I've never gone in for reward charts,my cat, but I get what you mean about praising kids for very little. I find the same in my dd' s school at parents' evening: the teachers are so busy trying to be positive about the kids that it's difficult to form a realistic picture of how the kid is doing. My dd is doing ok, I know that, but I'm fed up of being told eg how good she is in English when I know for a fact she can't spell. The praise is empty and meaningless albeit well-meaning.

Sillylass79 · 01/03/2014 08:43

This reply has been deleted

Message withdrawn at poster's request.

Spickle · 01/03/2014 09:06

DS 24 and DD 21 are ok with general chores though they can be lazy at times. They're both independent and can find their way round the train/tube without any difficulties.

The thing that does worry me though is what I call "admin" jobs.

My DS hasn't really mastered the art of managing his money. He's has several letters regarding unpaid bills etc, he will pay eventually but not before interest has been added and/or warning letters sent. Then when his car broke down, he calls me not the RAC even though he's covered. I just wonder when the reliance on "mum" sorting out stuff will dwindle!

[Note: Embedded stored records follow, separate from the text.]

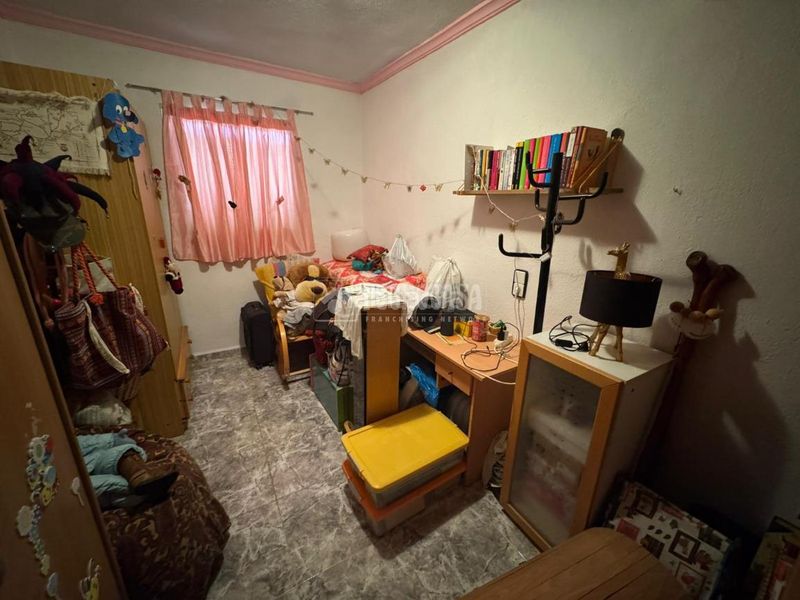 Foto c5a612af-1859-4c56-bab3-a0bb27a7d2c5. Casa amb aparcament piscina a Montroi / Montroy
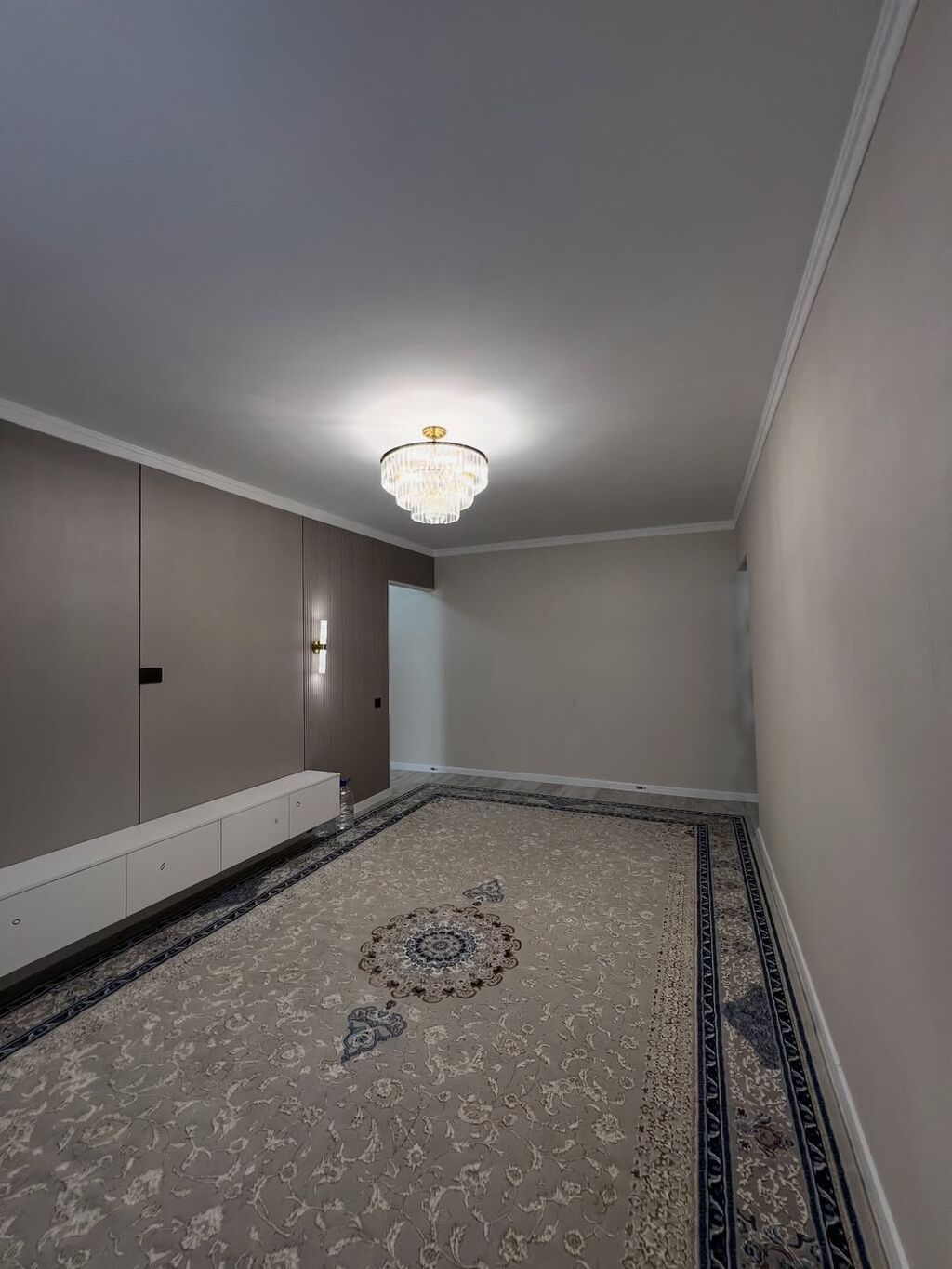 3 комнаты, 60 м², 104 серия, 3 этаж, Евроремонт - фото 1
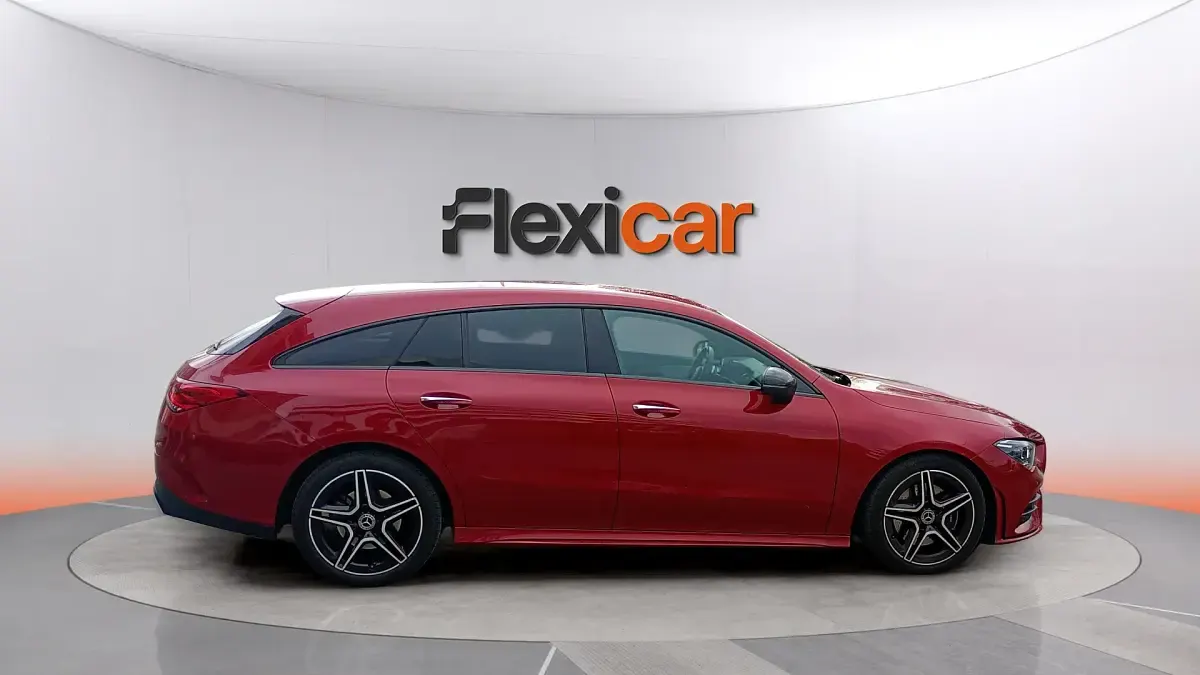 Usado Mercedes CLA220 Shooting Brake 190 CV (139 kW) 2023 Granate Familiar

My DD spends money like it grows on trees and doesn't think about possible bills, or things that go wrong requiring a contingency fund. She has had letters from the Inland Revenue asking her to fill in a self-assessment form but because she didn't understand what they wanted, the letters remained in a drawer "forgotten" with a hope that it would just go away. Obviously it didn't go away and I have had to sort it out for her - she was too upset and traumatised by the whole experience. I just wonder how on earth they will cope with a mortgage, utility bills, etc and keeping important paperwork like P60s etc.

cory · 01/03/2014 10:04

'It's nothing new. My DP didn't know how to do all sorts of things by the time he went to university at nearly 19 - he'd never caught a train alone, or cooked, done laundry, etc. His mother did it all. And that was quite normal, especially for boys.'

YES to this.

As it so happens, dh was pretty competent because he had been taught by his father, who (being quite a bit older than MIL) became a SAHD on retirement.

But I have known so many incompetent men in my father's generation (again, not actually my own father): men who could not have cooked a meal or sewn on a button if their lives depended on it.

Come to think of it, MIL couldn't cook- she had been an evacuee in a wealthy American family during the war, so completely missed out on the learning years. Dh remembers a diet of spam and SMASH.